What is needed in the art is a sprayer assembly for the spray application of a fluid containing solid particulate matter suspended therein which will: prevent the settling of the particulate matter out of solution with the fluid; return settled particulate matter into suspension with the fluid; provide improved resistance against clogging; and provide a way to dislodge particulate matter that has accumulated on and around the sprayer intake.
The present invention provides a sprayer assembly for sprayingly dispensing a fluid having particulate matter in suspension therein.

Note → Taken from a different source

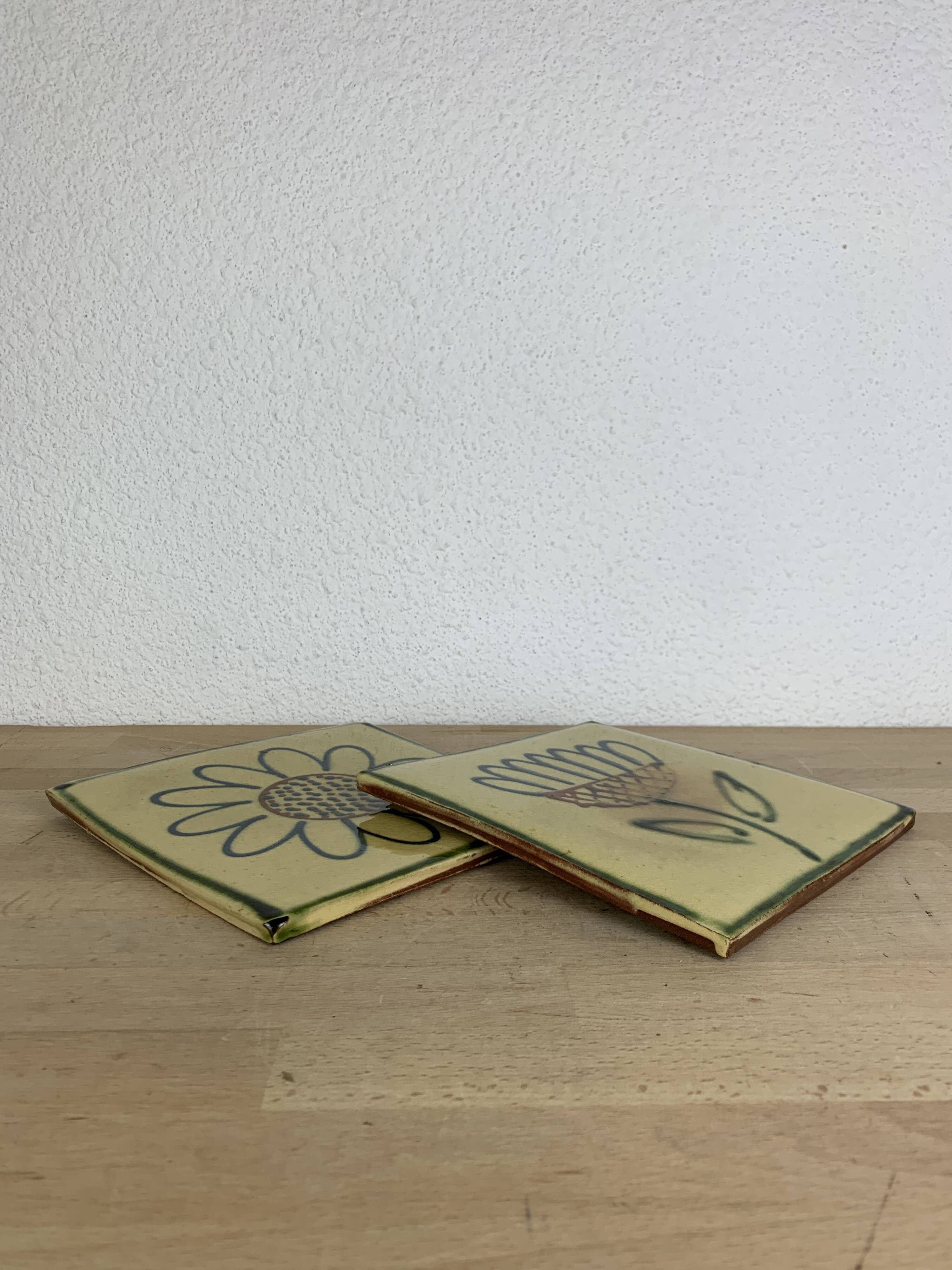 70s ceramic tile flower trivet, wall decoration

The invention comprises, in one form thereof, a sprayer assembly including a reservoir. The fluid to be sprayed is contained in the interior of the reservoir. The reservoir includes a first opening for receiving the fluid and a second opening for dispensing the fluid. A pump is received in the first opening and includes a pump handle disposed exterior to the reservoir and a pump mechanism disposed in the reservoir interior. The pump is operable to increase the pressure in the reservoir interior. A discharge tube has an outlet end fluidly connected to the reservoir second opening and an intake end disposed in the reservoir interior. A filter having a plurality of filter passages is disposed within the reservoir interior and is associated with the intake end of the discharge tube. The filter prevents particles larger than the particulate size from passing into the discharge tube. An agitator is disposed in the reservoir interior and creates a fluid turbulence around the filter and thereby dislodges accumulated particles from around the filter and from the filter itself.
An advantage of the present invention is that the filter allows fluid to enter from all sides and therefore provides improved resistance against particulate matter clogging the filter.

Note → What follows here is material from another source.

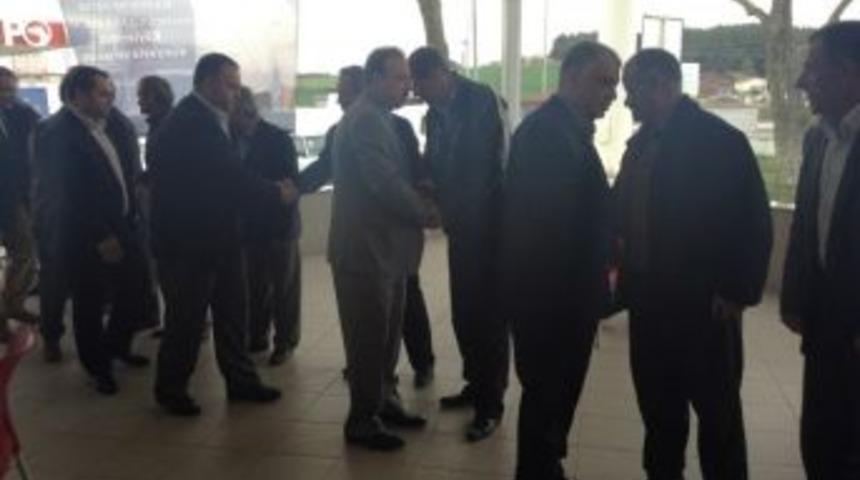Ak Parti Tekirdağ B&uuml;y&uuml;kşehir Belediyesi Başkan Adayı Mustafa Yel, Malkara&rsquo;da Kahveci Esnafı İle Kahvaltıda Bir Araya Geldi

Another advantage of the present invention is that the agitator creates a turbulence in the liquid contained in the reservoir of the sprayer thereby maintaining particulate matter in suspension with the liquid. Thus, proper concentration of particulate matter in the fluid being discharged from the sprayer is maintained.
Yet another advantage of the present invention is that the turbulence in the liquid occurs in a region surrounding the filter. The turbulence dislodges settled particulate matter from that region and from the filter itself. Thus, it is ensured that a full volume of fluid is dispensed at a given pressure and clogs are prevented.